The plaintiff must be made to understand that the motor carrier’s insurer is experienced in
trying trucking cases, and that there is no novelty in doing so from their perspective.
Jury verdict research is an important tool for use by the defense counsel in
educating his clients, the mediator, opposing counsel, and the plaintiff. Many resources,
including the Fulton Daily Report, provide synopsis of verdicts statewide. Those are
invaluable in “proving” the value of a case.
7. Have Settlement Authority
It is essential for a person with appropriate settlement authority to be present or
available at mediation. I prefer to have them there in person. If not there in person, have
them participate by speaker phone. However, it is imperative that the people who make
the decision have sufficient authority to settle the case if appropriate. No case ever settled
with inadequate settlement authority participating at the mediation.
8. Mediation Strategy
It is important for the defense counsel to discuss general mediation strategy with
the insurer or motor carrier claim person before the mediation. Because most claim
persons involved in motor carrier claims have a high level of claims experience and
sophistication, they will many times insist on doing all of the negotiation themselves.

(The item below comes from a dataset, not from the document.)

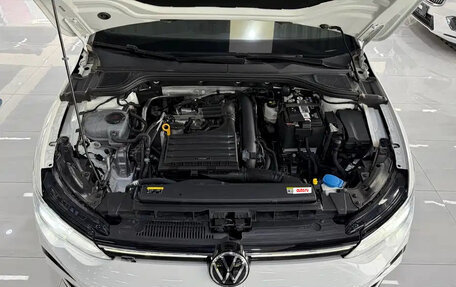 Volkswagen Golf VIII, 2022 год, 1 590 017 рублей, 14 фотография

Usually, they will discuss in general terms the input they desire from defense counsel.
Regardless of the manner of negotiation, it is important for there to be lines of authority
set forth before commencement of the mediation.
9. Be Prepared to Say NO
In motor carrier cases, it arises more often than in other cases that the settlement
demands are beyond what the carrier is prepared to pay to settle the case. The carrier and
counsel must be prepared to respectfully decline to continue to negotiate where it appears
that no progress is being reasonably made at mediation. The motor carrier must be
prepared to impress upon the plaintiff and his counsel their willingness to try the case.
Many cases settle in the days after mediations when the parties have had an opportunity
to reconsider their positions upon cool reflection.